Writing Exercise: Show 'N Tell

Recommended for High School and up Poetry & Non-fiction/Memoir
I took a wonderful class with Baltimore poet Kendra Kopelke a few years ago. One exercise she gave us – write down 50 early memories. You might use Michael Z Murphy’s “Show 'N Tell Disaster” to jog your memory or for inspiration. The first 10-20 items, easy! The next 10-20, more thought required. By the last 10, you’re reaching. That’s a good thing. (I've heard some writers extend the exercise to 100 memories.) You’ve done the show part. Put the list of 50 memories away for a few days. Then read it again. What’s on the list that makes you say, “Why the heck do I remember that?” Then tell us why.

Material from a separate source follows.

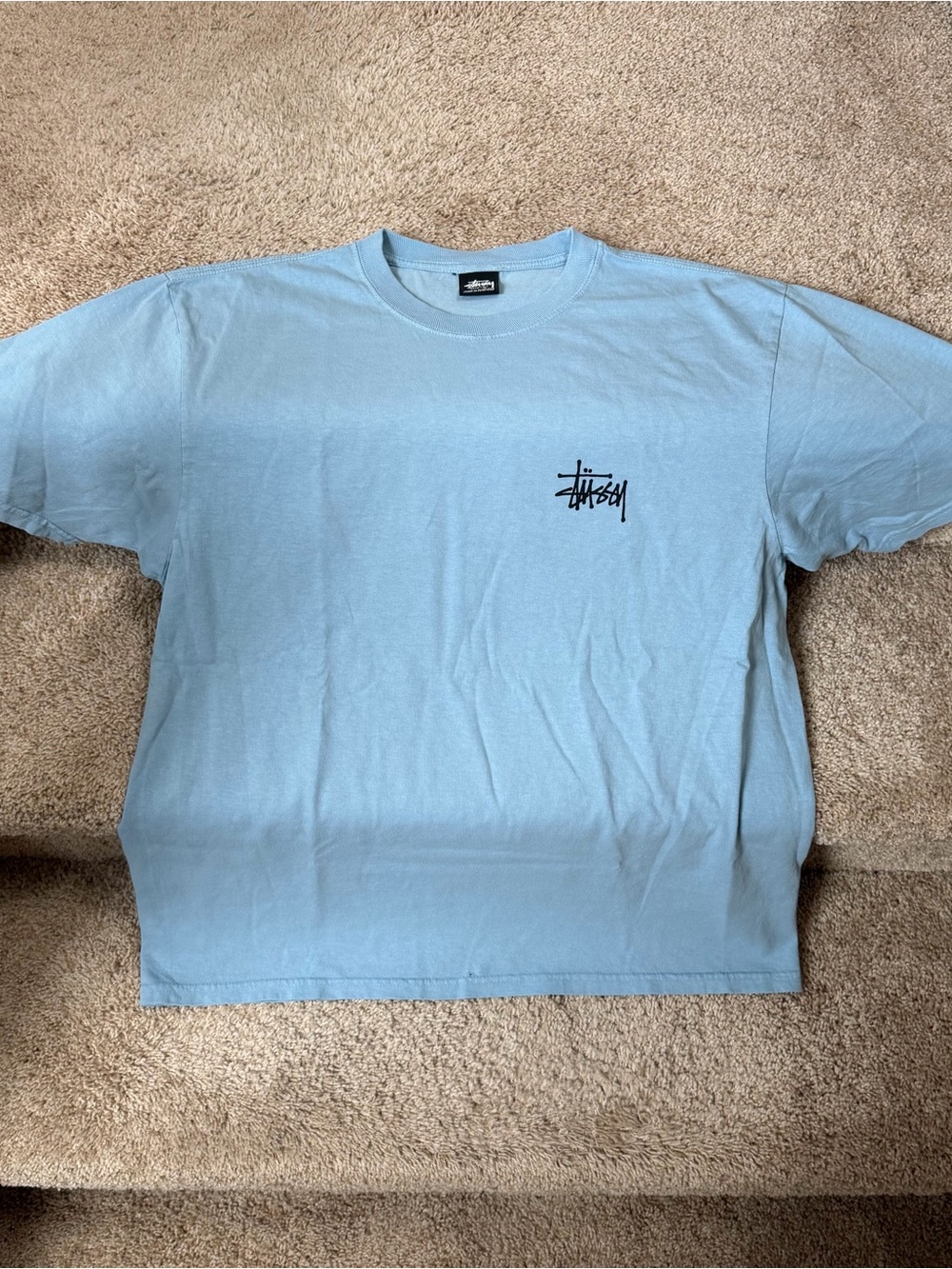 Stussy Light Blue Tee with Black Logo - Picture 2 of 3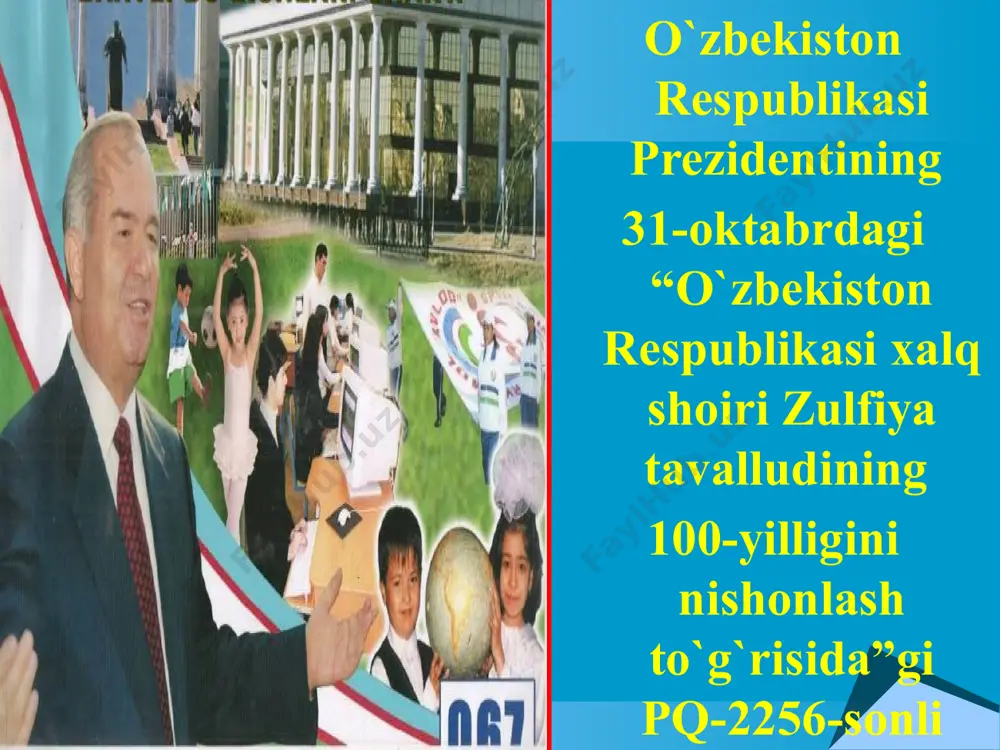 agan yoshlik chog'imda sen ochilding ko'ngil bog'imda. shunda ko'rdi ko'zim bahorni, shunda qalbim tanidi yorni...”. qayg’udan baxt topgan ayol qudrati, chaqmoqning toshidek, gullarday nozik. vafo, sadoqatning yorug’ timsoli, muhabbat cho’qqisida qad ko’tarar tik. she’riyat olovli yurakdur asli... she’riyatni yengmas na o`lim, na vaqt, she’riyat karvonin ayol sarboni. g’am pallasidan topdingizmi baxt, demak, u tirikdir hamon yashaydi. o'zbekiston xalq shoiri, xalqaro “javoharla'l neru”, “nilufar” mukofotlari sovrindori zulfiya isroilova haqida qancha gapirsak kam. uning o'zbek adabiyoti, nafaqat o'zbek, balki sharq adabiyoti va falsafasi rivojiga qo'shgan hissasi alohida tahsinga loyiqdir! zero, prezidentimiz ta'birlari bilan aytganda, zulfiyaxonim “...bu yorug' dunyoda ayriliq va hijron azobini, g'am-anduhlarni matonat bilan mahv etgan, armonlardan tirik orzular yaratgan, tog'dek bardoshi bilan sadoqat va vafo ramziga aylandi”. qalb bo'lganda yiroqda iroda ekan ojiz, do'stlar ham ko'p atrofda, ammo men yakka yolg'iz. birdan qalbim keksarib qon ham qochdi yuzimdan, sen sirdoshni axtarib xayol ketar izingdan. qayga ketding yuragim bitdi toqat va …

Here's my response to the prompt:
Mountain, Log, Salt and Stone The mountain is taller than I, halfway to the ceiling of our new living room. This is how carpets are delivered, piled in long, round rolls. Put a penny in your mouth and you’ll smell them: acrid and heavy and new, sour and exciting. With my brother I skate over the wood floor in socks, try to crash the mountain of carpets. Climb it and we are king and queen of a log pile. We cannot fell or budge them, though their sandy undersides mark geometrics on our knees. These logs have no rot, no rings to mark the fire or flood. The disasters are all ahead of us. When Dad is away we eat fast food, French fries at the new stone hearth. In two years our brother – the child my mother is carrying – will bang his chin on this stone and nearly sever his tongue with his teeth. There will be blood on the rug, the salty taste of it in the air. But tonight the scent of salt and oil is good. Furniture is scant. We gather on the floor around the fire. The young painter stands by the window. He has stopped rolling the walls and joined us for dinner. My mother is somewhere in the room. The painter watches her. He has dark hair and the youthful, slender form my father has outgrown. I watch the way his mouth moves when he looks away from my mother. The muscles of his back are taut with longing. Less than ten years in this country, her accent still fits like an egg in her mouth. He is not the first to mistake her round, elegant vowels for virtue. I want her to take offense, to fire him. But she is as kind and inattentive to him as she is to anyone. Angry for her sake, I begin to love my mother with a viciousness the painter can’t know. I pull her to sit with us by the fire, meals spread on our knees, and let the warm salt dissolve on her tongue, until it burns there like a pungent kiss. Laura Shovan
“Mountain, Log, Salt and Stone” appeared in the Jewish Women’s Literary Annual, 2004, Volume 6. You can also find the poem in the new Maryland Writers Association Anthology, "New Lines from the Old Line State."